START DATA SHOWN
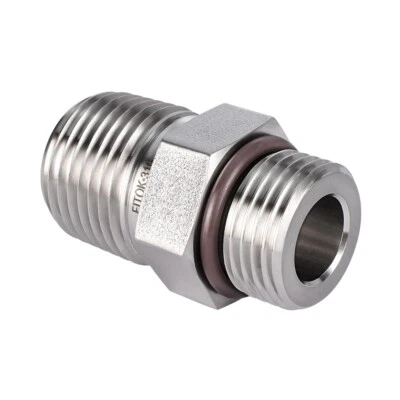 FITOK Hex Nipple 1/2 Male NPT × 3/4-16 Male SAE/MS Straight Thread 316 SS - Image 1 of 3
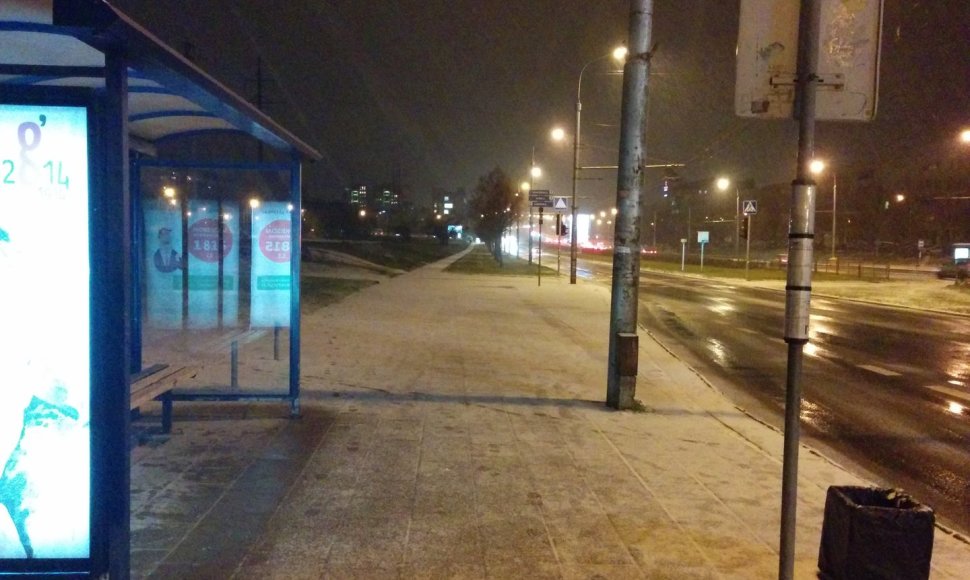 Vilnietis Raimundas užfiksavo pirmąjį sniegą sostinėje. 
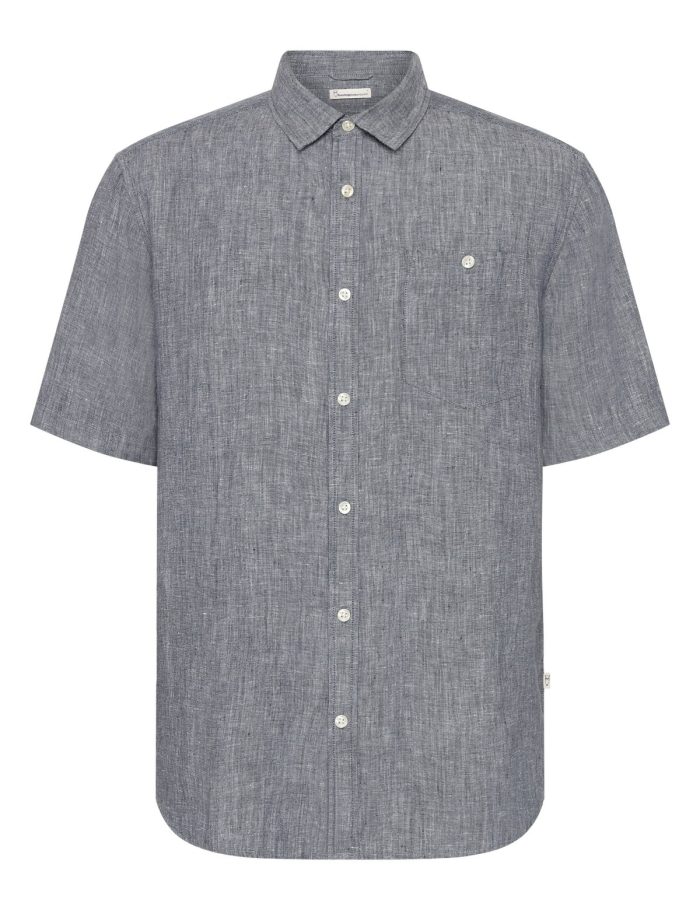 Hemd Regular Linen Short Sleeve Blau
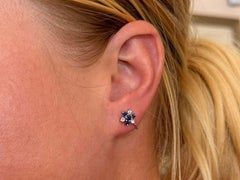 Diamond and Sapphire Flower Earrings 14K White Gold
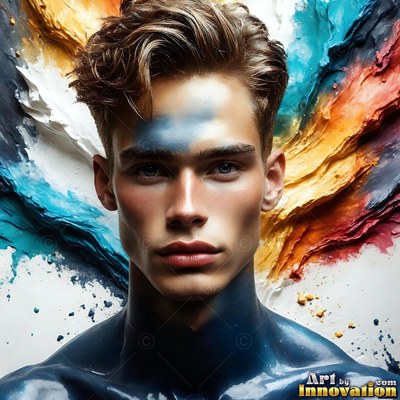 A young man looks ahead with thick blue and orange paint smeared behind him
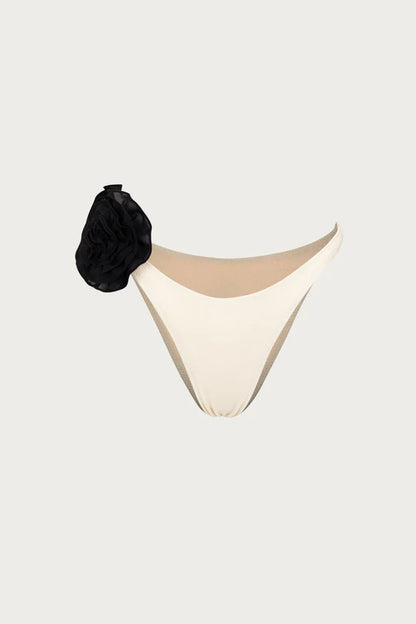 Rose Bandeau And Bottom (Cream/Black)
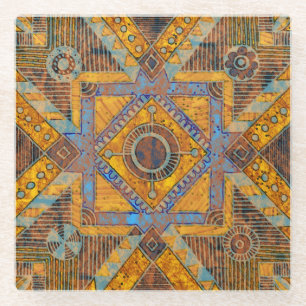 Indian Floral Paisley: Ethnic Medallion. Glass Coaster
END DATA SHOWN
WHAT TO DO -
Restate, word for word and without pictures, the lines from the line containing "Vilnietis Raimundas užfiksavo" to the last line of the records above.

EXERCISE ANSWER -
 Vilnietis Raimundas užfiksavo pirmąjį sniegą sostinėje. 
 Hemd Regular Linen Short Sleeve Blau
 Diamond and Sapphire Flower Earrings 14K White Gold
 A young man looks ahead with thick blue and orange paint smeared behind him
 Rose Bandeau And Bottom (Cream/Black)
 Indian Floral Paisley: Ethnic Medallion. Glass Coaster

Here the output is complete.